Many software providers operate crash reporting services to automatically collect failures in deployed software from millions
of customers. Triaging and debugging such failures is critical because they impact real users and customers. However, it is notoriously hard
in practice because developers have to rely on limited information such as memory dumps. In this talk, I will present two systems we built at
Microsoft Research to address the challenges in triaging and debugging failures in deployed software. Both systems were deployed inside
Microsoft as a major solution for triaging and debugging software failures. I will also share our experiences in developing and deploying these
solutions in practice.

First, I will present RETracer, the first system to triage software failures based on program
semantics reconstructed from memory dumps. RETracer is designed to meet the requirements
of large-scale crash reporting services.
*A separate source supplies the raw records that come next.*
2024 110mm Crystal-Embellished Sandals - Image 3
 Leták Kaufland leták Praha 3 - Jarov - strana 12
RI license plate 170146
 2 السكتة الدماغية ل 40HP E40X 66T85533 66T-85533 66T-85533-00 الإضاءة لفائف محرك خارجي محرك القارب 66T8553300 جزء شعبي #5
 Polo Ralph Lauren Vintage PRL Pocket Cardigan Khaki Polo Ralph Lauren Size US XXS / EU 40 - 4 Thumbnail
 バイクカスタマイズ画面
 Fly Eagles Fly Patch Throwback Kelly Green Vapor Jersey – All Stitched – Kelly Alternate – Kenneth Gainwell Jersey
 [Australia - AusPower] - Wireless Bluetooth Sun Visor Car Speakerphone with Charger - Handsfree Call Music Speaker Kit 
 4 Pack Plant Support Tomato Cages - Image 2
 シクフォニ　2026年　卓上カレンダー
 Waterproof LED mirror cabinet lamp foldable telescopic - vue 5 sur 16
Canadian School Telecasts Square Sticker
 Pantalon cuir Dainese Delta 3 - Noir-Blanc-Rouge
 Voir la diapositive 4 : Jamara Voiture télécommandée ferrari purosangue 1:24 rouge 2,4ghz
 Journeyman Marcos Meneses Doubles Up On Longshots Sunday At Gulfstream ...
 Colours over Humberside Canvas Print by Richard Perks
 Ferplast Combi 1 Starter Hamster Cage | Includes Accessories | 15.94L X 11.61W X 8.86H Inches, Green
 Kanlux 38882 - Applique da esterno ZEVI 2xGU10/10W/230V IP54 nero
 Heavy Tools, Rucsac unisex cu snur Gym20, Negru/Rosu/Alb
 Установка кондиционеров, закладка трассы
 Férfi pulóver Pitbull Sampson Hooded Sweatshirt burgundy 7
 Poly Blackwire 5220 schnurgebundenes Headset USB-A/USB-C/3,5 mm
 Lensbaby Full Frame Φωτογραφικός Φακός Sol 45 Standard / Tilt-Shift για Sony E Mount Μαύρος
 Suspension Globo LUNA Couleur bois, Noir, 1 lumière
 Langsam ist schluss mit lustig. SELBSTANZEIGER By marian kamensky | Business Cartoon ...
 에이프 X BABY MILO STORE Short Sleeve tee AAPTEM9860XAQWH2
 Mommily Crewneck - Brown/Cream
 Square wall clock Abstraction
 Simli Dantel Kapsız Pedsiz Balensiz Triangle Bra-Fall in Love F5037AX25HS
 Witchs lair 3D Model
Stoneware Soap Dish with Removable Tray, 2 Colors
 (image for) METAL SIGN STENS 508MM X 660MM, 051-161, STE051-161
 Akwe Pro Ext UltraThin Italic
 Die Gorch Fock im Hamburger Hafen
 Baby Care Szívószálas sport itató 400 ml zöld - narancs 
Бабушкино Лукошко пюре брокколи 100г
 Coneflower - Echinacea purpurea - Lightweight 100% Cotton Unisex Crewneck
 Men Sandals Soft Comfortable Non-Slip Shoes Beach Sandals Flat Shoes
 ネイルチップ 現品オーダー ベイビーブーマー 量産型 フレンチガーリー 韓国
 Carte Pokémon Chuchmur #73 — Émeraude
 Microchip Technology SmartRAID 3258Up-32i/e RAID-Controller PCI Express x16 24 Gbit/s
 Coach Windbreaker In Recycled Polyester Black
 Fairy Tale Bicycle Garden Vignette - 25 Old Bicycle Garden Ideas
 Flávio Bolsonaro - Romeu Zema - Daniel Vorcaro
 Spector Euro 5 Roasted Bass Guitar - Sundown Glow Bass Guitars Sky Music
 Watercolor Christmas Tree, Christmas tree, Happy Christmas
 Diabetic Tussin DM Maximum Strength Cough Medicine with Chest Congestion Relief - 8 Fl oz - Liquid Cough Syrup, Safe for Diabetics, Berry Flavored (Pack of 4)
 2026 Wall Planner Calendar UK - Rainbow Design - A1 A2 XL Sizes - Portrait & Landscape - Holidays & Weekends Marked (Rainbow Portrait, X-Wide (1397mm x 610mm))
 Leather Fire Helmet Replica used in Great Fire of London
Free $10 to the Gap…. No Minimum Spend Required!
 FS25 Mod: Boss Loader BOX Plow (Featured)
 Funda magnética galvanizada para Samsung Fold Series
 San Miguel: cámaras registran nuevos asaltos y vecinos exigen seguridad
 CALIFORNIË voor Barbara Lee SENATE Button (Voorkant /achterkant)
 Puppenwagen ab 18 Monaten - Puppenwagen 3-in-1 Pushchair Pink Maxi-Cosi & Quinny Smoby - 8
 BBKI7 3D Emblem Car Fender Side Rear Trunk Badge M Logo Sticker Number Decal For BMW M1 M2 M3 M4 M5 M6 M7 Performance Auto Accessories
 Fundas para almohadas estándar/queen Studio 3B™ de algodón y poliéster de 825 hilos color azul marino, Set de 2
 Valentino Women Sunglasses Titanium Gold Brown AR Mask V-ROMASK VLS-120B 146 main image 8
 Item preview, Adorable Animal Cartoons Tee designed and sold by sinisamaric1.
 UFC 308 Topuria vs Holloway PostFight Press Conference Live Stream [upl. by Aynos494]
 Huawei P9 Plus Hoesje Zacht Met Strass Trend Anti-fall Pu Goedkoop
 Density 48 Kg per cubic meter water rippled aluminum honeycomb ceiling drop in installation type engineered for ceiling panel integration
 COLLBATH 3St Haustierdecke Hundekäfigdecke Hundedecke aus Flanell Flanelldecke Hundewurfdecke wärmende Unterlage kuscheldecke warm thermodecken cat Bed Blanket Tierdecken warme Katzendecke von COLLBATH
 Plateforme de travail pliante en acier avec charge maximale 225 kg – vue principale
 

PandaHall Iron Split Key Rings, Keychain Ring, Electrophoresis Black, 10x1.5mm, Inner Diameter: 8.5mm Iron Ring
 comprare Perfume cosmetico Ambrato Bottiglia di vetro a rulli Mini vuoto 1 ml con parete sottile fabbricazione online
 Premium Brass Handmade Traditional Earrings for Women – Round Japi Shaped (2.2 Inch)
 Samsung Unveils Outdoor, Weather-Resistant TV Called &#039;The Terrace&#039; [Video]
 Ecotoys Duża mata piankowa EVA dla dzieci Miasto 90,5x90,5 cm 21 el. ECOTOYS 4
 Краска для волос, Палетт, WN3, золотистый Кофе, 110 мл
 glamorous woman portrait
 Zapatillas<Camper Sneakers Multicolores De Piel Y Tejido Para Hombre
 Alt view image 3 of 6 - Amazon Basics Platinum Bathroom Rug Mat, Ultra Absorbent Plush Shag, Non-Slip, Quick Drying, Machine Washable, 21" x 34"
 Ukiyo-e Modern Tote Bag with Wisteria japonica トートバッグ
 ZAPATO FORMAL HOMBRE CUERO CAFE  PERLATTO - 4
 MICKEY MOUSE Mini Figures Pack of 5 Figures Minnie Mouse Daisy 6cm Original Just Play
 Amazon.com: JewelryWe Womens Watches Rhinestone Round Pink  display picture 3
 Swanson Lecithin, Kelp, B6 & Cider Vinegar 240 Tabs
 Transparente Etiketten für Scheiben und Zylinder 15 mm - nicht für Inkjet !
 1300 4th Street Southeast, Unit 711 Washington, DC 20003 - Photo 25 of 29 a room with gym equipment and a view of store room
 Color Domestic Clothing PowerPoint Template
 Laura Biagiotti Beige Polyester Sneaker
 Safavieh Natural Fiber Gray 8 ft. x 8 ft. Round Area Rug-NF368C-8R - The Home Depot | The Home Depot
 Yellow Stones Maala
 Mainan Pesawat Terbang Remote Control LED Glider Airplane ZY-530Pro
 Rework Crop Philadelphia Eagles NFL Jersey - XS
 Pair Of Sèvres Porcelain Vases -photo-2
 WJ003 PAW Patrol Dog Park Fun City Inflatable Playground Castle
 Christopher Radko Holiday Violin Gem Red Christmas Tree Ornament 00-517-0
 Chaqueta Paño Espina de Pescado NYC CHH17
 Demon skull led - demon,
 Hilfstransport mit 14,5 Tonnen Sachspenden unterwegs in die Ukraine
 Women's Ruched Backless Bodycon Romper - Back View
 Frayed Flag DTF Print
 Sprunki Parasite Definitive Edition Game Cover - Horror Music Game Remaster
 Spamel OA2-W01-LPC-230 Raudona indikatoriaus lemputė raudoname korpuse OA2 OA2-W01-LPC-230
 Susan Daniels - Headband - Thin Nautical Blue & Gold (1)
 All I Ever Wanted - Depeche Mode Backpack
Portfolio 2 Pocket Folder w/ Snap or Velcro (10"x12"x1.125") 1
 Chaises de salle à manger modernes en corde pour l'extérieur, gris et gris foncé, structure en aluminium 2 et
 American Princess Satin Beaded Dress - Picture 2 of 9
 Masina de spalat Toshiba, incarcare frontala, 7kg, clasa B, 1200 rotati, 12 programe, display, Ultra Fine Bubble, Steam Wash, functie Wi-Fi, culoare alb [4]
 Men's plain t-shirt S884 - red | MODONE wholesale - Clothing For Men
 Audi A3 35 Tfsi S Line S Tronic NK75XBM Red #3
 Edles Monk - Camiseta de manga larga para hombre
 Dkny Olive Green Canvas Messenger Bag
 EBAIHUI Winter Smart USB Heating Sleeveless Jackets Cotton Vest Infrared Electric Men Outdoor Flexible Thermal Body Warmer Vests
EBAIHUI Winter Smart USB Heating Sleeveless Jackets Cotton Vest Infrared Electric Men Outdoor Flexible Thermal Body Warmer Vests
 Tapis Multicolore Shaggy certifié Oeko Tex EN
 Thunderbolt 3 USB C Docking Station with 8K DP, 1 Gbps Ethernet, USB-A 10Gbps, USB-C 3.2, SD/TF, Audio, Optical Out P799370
It performs binary-level backward taint analysis without
a recorded execution trace to understand how functions on the stack contribute to the failure.
When comparing it with the previous crash triaging tool used by Microsoft, we find that RETracer
eliminates two-thirds of triage errors based on a manual analysis of 140 bugs fixed in Microsoft
Windows and Office.

Second, I will present REPT, a practical system that enables reverse debugging of failures in
deployed software. REPT reconstructs the execution history with high fidelity by combining
online lightweight hardware tracing of a program's control flow with offline binary analysis that
recovers its data flow. It is seemingly impossible to recover data values thousands of instructions
before the failure due to information loss and concurrent execution. REPT tackles these
challenges by iteratively performing forward and backward execution with error correction and
constructing a partial execution order with timestamps logged by hardware. When evaluating
it on 16 real-world bugs, we find that REPT can recover data values accurately (93% on average)
and efficiently (less than 20 seconds) for these bugs, and enables effective reverse debugging
for 14 of them.
Weidong Cui is a Principal Researcher managing the Systems Security and Privacy
Research group in the Microsoft Research Redmond lab. Weidong enjoys building real-world
systems to tackle hard problems. His current passion is on ensuring Microsoft Azure is the most
secure cloud. Weidong and his team built REPT, the first lightweight record and replay solution
that is widely deployed to enable reverse debugging of software failures. Weidong led the
development of RETracer, a technology that improves the triaging accuracy of access violations
significantly. Weidong and his collaborators introduced controlled-channel attacks that can steal
rich information from secure enclaves. Weidong also led the development of KOP, a Windows
kernel rootkit detection system that still represents the state-of-the-art after many years.
Weidong is also known for his early work on automatic protocol reverse engineering. Weidong
received his PhD and MS degrees from UC Berkeley, and his ME and BE degrees from Tsinghua
University.